**EXERCISE INSTRUCTIONS:**
The data below should be copied out exactly, with its pictures omitted.

**DATA EXCERPT:**
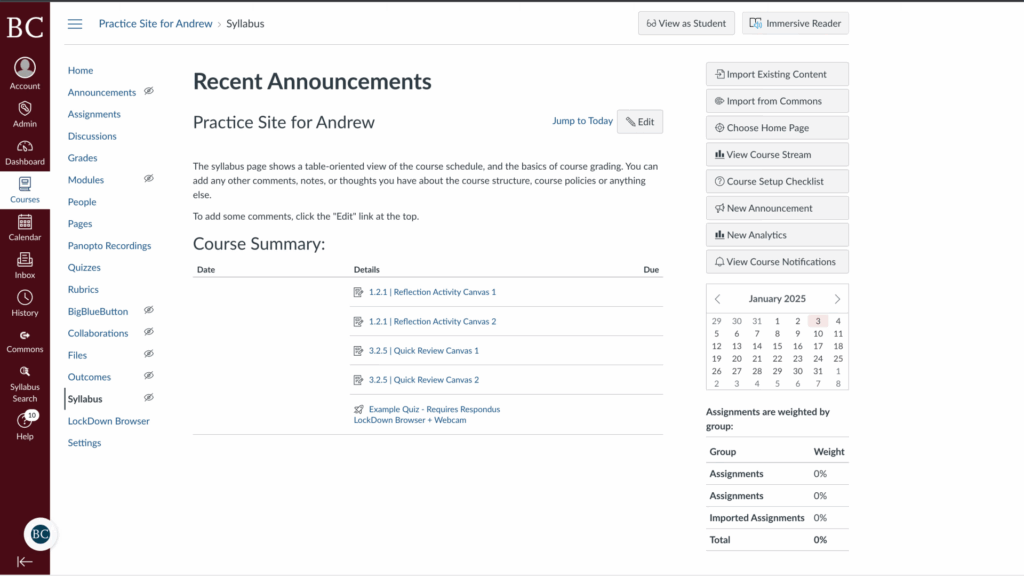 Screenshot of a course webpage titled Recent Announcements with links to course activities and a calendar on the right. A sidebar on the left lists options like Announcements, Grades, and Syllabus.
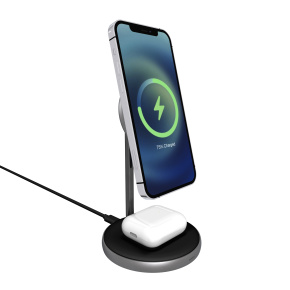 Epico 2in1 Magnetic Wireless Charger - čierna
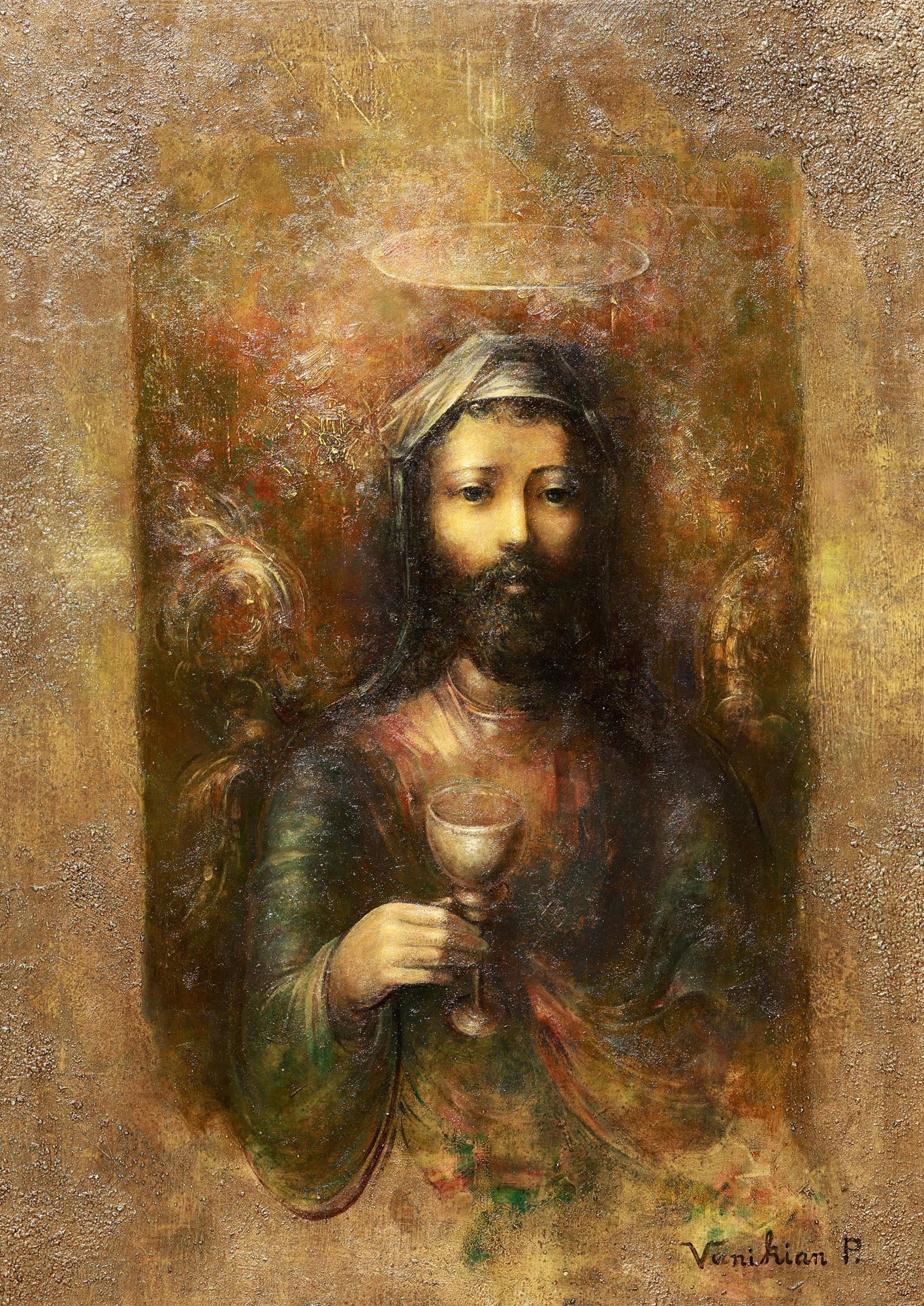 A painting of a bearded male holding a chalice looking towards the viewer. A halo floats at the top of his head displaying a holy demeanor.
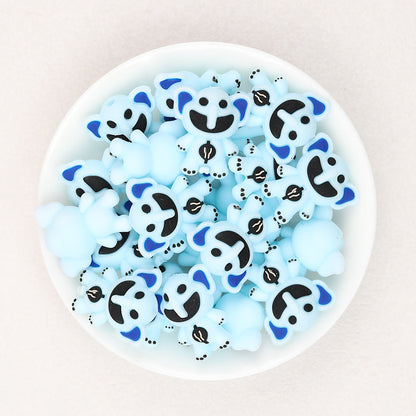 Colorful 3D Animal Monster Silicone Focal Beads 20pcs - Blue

**RESULT OF THE EXERCISE:**
 Screenshot of a course webpage titled Recent Announcements with links to course activities and a calendar on the right. A sidebar on the left lists options like Announcements, Grades, and Syllabus.
 Epico 2in1 Magnetic Wireless Charger - čierna
 A painting of a bearded male holding a chalice looking towards the viewer. A halo floats at the top of his head displaying a holy demeanor.
 Colorful 3D Animal Monster Silicone Focal Beads 20pcs - Blue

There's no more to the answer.